Dr Ramdhani spoke to how projects were chosen and funded. The funders usually expressed a preference for the rural areas which they were interested in assisting. The Foundation would present the funders with a list of community needs, mostly based on the relationships created with committee members, councillors and indunas. The Foundation targeted youths in the informal sector who could not gain access to tertiary education but had passed grade 12. In addition the Foundation engaged community leaders in the selection of the youth, in order to ensure sustainability and ensure that, with support from the leaders, they would stay in the Ifa Lethu programmes. When there were Community Arts centres run by the Department in an area, the Foundation would make use of their facilities, and it would also use tourist centres. All its initiatives involved partnerships.
The Foundation had not worked in the Western Cape and the Eastern Cape because of limited funding and limited staff.
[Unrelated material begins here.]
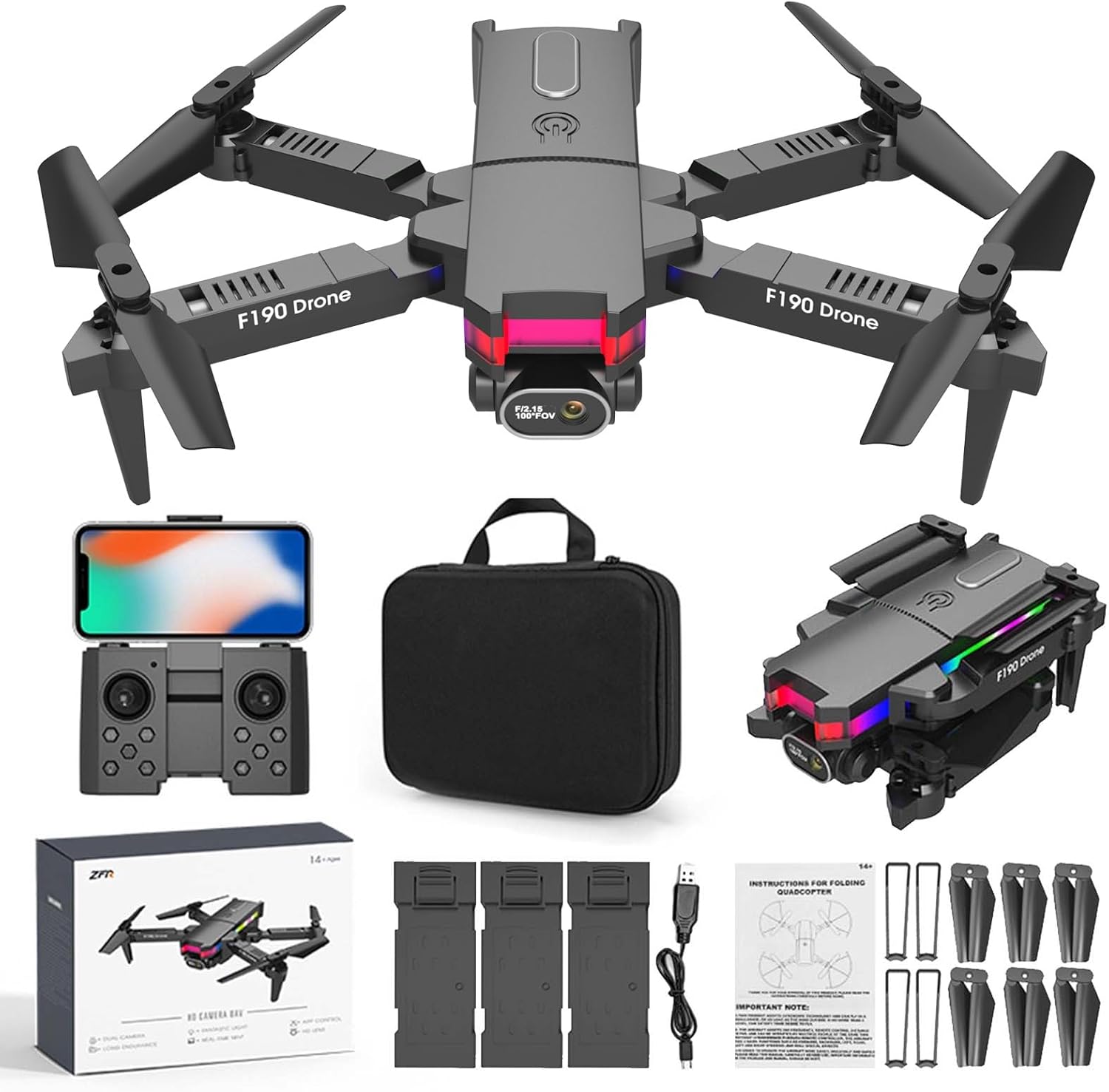 Picture of New F190 MINI Drone 4K HD WIFI FPV Drone with Wide Angle Camera Intelligent Height One Key Grip Foldable RC Quadcopter Toys Gifts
It was located in Groenkloof Pretoria where it began as a start-up foundation, and this area was also chosen because of its proximity to foreign embassies, with whom the Foundation dealt on repatriation, also because rural areas around Pretoria had been neglected and many of the artists came from Pretoria. In Free State and KwaZulu Natal, it worked with provincial DACs.
Dr Ramdhani confirmed that Ifa Lethu collaborated with the Departments of Education and contributed to the art curriculum. It had a working relationship with the Departments of Social Development and Rural Development and Land Reform. The Department of Trade and Industry had not been helpful. Michael Selekane was working with Correctional Services programmes, and with terminally ill patients. Arts for healing and for therapy had been started with a School of Psychology in Mamelodi.
She responded to the question on moral regeneration by stating that there was a transfer of indigenous knowledge by older artists in Mamelodi. Moral regeneration also took place within the life skills phase of the give five-phase training programme. The Foundation had been created in alignment with the Cultural Properties Act. In addition it had also worked with UNESCO.
Mr Grootboom interjected and wanted clarity on whether the artworks in Foundation’s possession were to be returned.
Dr Ramdhani responded by saying that if the Foundation could not sustain itself for the next six months then there was the possibility that the artworks would have to be returned. The Foundation was holding the artworks until a Museum of African Arts was built. The donors had signed contracts of deposit with the Foundation, but if the contracts were not fulfilled, the art would have to be returned.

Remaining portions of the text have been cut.